Source data:

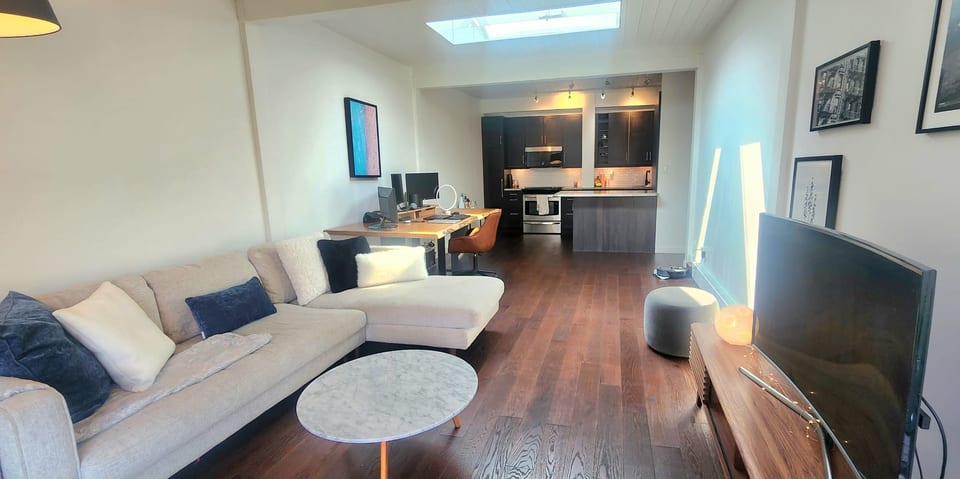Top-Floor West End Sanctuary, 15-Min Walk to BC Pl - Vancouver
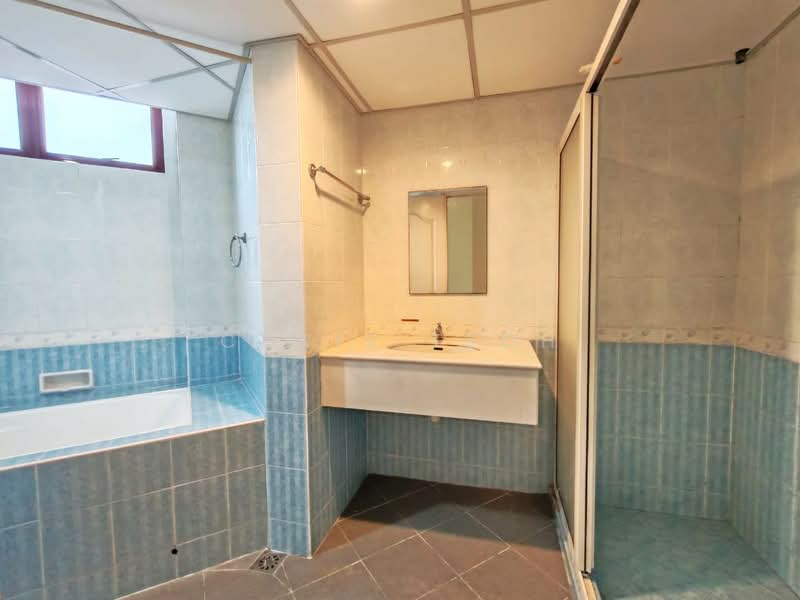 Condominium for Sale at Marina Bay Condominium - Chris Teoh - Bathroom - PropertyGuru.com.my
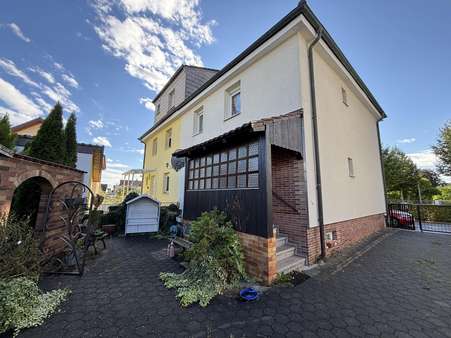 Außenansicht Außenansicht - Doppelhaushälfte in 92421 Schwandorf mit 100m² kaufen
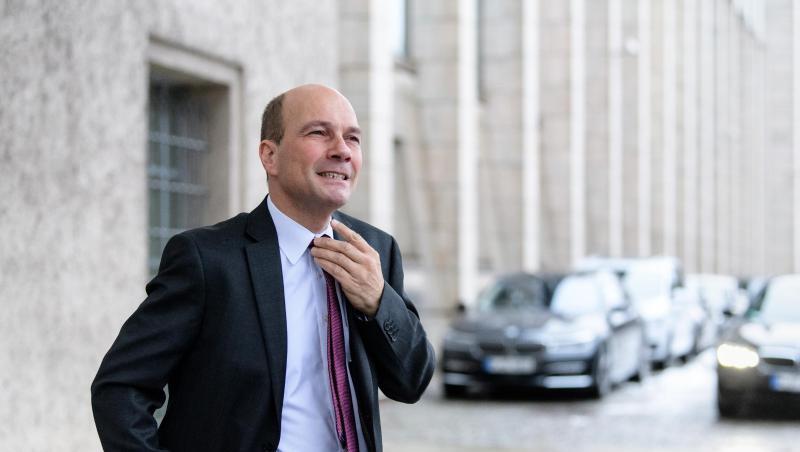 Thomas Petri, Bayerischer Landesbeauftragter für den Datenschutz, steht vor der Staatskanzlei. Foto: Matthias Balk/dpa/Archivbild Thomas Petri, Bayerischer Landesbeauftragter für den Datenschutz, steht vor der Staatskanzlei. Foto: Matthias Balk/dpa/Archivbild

Task statement: Set down again, exactly, the lines of the material above from its first line to the one with "Außenansicht Außenansicht - Doppelhaushälfte", inclusive. Leave the pictures out.

Result:
Top-Floor West End Sanctuary, 15-Min Walk to BC Pl - Vancouver
 Condominium for Sale at Marina Bay Condominium - Chris Teoh - Bathroom - PropertyGuru.com.my
 Außenansicht Außenansicht - Doppelhaushälfte in 92421 Schwandorf mit 100m² kaufen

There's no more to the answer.